*** Opening WORKING DATA ***

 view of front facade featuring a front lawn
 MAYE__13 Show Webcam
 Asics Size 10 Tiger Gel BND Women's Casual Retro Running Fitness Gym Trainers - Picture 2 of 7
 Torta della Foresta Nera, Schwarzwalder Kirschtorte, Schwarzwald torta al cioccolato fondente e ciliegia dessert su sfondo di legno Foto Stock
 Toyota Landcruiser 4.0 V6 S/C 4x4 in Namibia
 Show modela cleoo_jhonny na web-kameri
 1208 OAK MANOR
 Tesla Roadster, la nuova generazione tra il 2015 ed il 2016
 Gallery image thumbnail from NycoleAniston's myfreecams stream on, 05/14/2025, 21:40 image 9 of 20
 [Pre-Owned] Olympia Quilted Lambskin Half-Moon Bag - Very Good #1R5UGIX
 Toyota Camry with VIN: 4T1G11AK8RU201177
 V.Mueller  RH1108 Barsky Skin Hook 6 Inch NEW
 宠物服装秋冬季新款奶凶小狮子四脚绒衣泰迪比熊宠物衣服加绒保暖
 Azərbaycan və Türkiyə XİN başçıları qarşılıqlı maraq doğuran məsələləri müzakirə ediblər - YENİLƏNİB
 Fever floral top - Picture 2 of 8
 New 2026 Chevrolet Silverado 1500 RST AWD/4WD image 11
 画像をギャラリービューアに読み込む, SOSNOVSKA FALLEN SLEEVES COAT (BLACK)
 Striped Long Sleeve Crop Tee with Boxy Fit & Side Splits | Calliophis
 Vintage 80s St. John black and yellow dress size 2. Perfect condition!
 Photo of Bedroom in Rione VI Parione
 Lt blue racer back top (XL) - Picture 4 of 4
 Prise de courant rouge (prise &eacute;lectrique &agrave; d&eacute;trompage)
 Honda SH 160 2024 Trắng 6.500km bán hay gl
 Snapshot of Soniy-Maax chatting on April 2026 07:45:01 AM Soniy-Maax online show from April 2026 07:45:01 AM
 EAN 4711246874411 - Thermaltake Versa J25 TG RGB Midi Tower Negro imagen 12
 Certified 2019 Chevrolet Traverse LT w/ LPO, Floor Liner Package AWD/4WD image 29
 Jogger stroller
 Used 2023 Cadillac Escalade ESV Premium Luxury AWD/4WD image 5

*** Closing WORKING DATA ***

:: YOUR OBJECTIVE ::
The lines above from the one containing "MAYE__13 Show Webcam" through the one containing "Torta della Foresta" are to be set down exactly, and no others.

:: OUTPUT FOR THIS TASK ::
 MAYE__13 Show Webcam
 Asics Size 10 Tiger Gel BND Women's Casual Retro Running Fitness Gym Trainers - Picture 2 of 7
 Torta della Foresta Nera, Schwarzwalder Kirschtorte, Schwarzwald torta al cioccolato fondente e ciliegia dessert su sfondo di legno Foto Stock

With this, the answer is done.